I apologize for disagreeing with some of the comments above. The diffusion coefficient (D) is not a thermodynamic property. It is correct to call it a transport property, but it really is a hybrid property that characterizes kinetic effects.
If a system is out of equilibrium, then transport coefficients give the time course of how a system evolves... the "direction" of a process is determined by thermodynamics, but the rate at which the process occurs is kinetic in nature. In part, D characterizes the response of systems out of equilibrium (for instance, non-uniform concentration or temperatures) and how they evolve over time. Thermodynamic properties do contribute to the diffusion coefficient, but factors such as molecular arrangements and activation energies (which are related to kinetics, not thermodynamics) also contribute.

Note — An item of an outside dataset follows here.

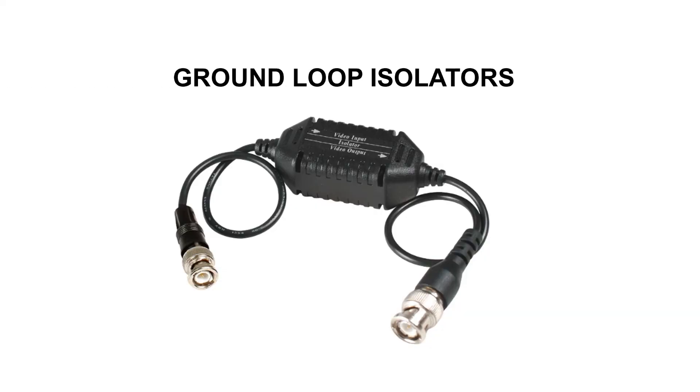Finally, the ground loop isolators can be used on one end of coaxial video cables to avoid the flow of ground loop current. These isolators are readily available and are not very expensive. You can easily purchase them if required.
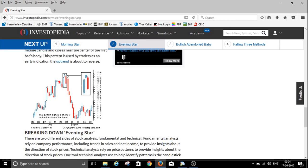Traders are trading when they see this pattern. Let me define it: this was an uptrend and the market went up. The opening price and closing price of the first candle are marked. The second candle's opening must be above the first candle's closing price, and the third candle's opening price must be below the second candle's opening price. We also need to see the volume — when volume is increasing, we can go and sell.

For instance, D depends on the temperature. A simple example is the Einstein-Smoluchowski equation, which explicitly depends on the temperature. However, this explicit dependence is due to the relationship between the temperature and the molecular kinetic energy of the diffusing material. There is also an implicit exponential temperature dependence due to the viscosity term, which is used to characterize the influence of the medium on the diffusing species migration.
That being said, non-equilibrium thermodynamics and relaxation thermodynamic models, etc., include time in the formulation (equilibrium thermo never talks about time), and relates the transport processes to entropy generation, etc. While these models are appealing theoretically because they give insight to the inner workings of existing diffusion equations, they add little to practical experiments or predictions compared to equations such as Fick's 1st and 2nd laws (or Fourirers laws for heat conduction), among others.
It is interesting to me that diffusion can be modeled using activation energies in most cases. (The notable exception is diffusion in gases for which molecular interactions provide negligible energy barriers to molecular migration compared to the molecular kinetic energy). These activation energies are the result of a combination of properties of the materials involved and the molecular arrangements. (Even in solids, these arrangements are not truly constant due to vibrations, etc., but the idea still applies.)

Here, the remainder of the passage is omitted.